A Peculiar Situation
The following picture illustrates an interesting asymmetric situation: If the red stone to the right were surrounded on its outside (two dashed blue halos), it still could get help from its friend to the left thanks to the part of the perimeter marked by the arrow, which is red. However, the opposite is not true – the left halo’s (right) perimeter is entirely purple. This situation corresponds to Robert Pauli’s definition^{[2]}, by which you may be able to move the left stone so it touches the right one, but you can’t move the right one far enough to touch the left one - it is blocked by the two enemy stones. My first reaction was that this is ugly, but I now see its beauty in the spirit of Go: Simple rules that can lead to complex situations.
However, the red connection is not secure. If blue makes a move in the dashed position, he can cut. Conversely, if red moves there, she can connect:
If we move the blue halos even further we obtain the following:
The blue sliver means that it is not possible to slide the right stone so that it touches the left one. But it is possible to lift it up and move it, which is all we need for a connection according to our rules.

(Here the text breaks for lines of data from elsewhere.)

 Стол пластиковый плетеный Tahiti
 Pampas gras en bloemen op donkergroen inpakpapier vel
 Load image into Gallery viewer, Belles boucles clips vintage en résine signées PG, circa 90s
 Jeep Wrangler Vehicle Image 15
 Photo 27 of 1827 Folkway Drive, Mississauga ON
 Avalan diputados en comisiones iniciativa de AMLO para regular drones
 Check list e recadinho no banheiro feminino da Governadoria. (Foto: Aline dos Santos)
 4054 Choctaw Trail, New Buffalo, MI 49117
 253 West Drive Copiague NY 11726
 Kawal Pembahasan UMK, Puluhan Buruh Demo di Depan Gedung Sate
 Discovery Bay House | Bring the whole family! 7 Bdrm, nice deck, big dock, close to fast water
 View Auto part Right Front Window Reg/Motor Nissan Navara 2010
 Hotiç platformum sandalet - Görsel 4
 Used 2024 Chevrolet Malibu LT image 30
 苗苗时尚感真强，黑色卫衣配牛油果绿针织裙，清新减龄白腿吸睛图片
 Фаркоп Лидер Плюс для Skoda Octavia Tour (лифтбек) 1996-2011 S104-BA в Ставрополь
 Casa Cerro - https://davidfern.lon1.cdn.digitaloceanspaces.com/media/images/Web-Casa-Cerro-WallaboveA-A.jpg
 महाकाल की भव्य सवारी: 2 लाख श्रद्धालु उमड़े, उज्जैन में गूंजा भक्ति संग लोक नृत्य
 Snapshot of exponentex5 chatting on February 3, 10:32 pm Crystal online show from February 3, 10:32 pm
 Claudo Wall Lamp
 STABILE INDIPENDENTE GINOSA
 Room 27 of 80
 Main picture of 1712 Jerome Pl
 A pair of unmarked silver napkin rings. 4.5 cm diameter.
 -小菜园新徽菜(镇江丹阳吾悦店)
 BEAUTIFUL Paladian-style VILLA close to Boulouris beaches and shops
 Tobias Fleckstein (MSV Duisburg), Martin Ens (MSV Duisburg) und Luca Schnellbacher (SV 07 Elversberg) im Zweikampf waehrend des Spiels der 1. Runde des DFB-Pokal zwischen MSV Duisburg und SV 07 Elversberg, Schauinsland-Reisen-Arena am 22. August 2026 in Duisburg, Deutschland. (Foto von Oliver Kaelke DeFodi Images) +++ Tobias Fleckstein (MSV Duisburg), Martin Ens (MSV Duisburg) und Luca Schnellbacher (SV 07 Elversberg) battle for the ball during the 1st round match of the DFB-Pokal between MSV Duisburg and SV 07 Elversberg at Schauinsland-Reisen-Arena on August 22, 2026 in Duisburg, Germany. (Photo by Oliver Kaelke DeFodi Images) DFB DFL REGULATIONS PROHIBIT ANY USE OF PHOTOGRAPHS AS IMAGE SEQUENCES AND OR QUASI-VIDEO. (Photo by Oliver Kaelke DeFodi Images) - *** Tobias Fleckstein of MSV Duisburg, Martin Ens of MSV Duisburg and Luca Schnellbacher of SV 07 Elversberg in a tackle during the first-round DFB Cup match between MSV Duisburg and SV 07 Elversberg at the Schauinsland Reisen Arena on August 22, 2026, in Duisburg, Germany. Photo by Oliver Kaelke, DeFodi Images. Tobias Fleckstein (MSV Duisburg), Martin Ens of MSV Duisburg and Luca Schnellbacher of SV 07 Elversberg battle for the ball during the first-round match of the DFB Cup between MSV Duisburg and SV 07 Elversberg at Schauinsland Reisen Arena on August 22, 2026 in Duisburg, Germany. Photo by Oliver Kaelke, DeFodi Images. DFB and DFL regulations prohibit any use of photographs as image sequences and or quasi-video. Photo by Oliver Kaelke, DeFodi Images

^{[1]} I think this definition is not quite what it intends to be, since it mistakenly allows to regard a completely enclosed red dango without any eye as alive. Apparently, the recent discussion took another way, but to my view, it's better to still deal with the term "connected" (which should mean having at least one common red point), and then to apply the "white point" life criteria to the entire connected set.
Another issue is if we shouldn't rather talk of being "breathing" here than of being "alive", since the latter already has at least two other meanings. To clearly distinguish between them verbally is supposed to facilitate future discussions of e. g. life/death problems.
[2]
Robert Pauli's definition
- a stone has liberties if repeatedly removing friendly stones with direct liberties eventually removes it
- a stone has direct liberties if there is enough space around it to fit a stone touching it (it's of no matter if putting a stone there is legal)
Note that this does without defining connection!
ilan: This seems to be analogous to the Poisson blob model of percolation, in which one places disks of radius 1 randomly in the plane with "intensity" lambda, that is, on average (in a sense to be made precise), there are lambda disk centers per unit area, and one asks what is the probability of a set of overlapping disks going off to infinity. It turns out that there is a critical value of lambda which is about .35 (for values less than this, there is no set going off to infinity with probability one and there is one for lambda bigger).
The standard percolation model would be disks of radius 1/2 but with centers on the points with integer coordinates which corresponds to an infinite connected group on an infinite go board.
Now, the "Poisson" model is the formalization of the first model by considering disks of radius 1/2, but with centers at finer and finer grids (points with coordinates integers divided by N, with N going to infinity). This would correspond to playing go on a normal (infinite) board, but with stones of radius N/2 placed with centers on any normal intersection. This is relevant for "Euclidean Go", it seems.
One important technical note is that two disks of radius R overlap if and only if doubling their radius means that one disk covers the other disk's center. This observation also seems relevant to Euclidean Go.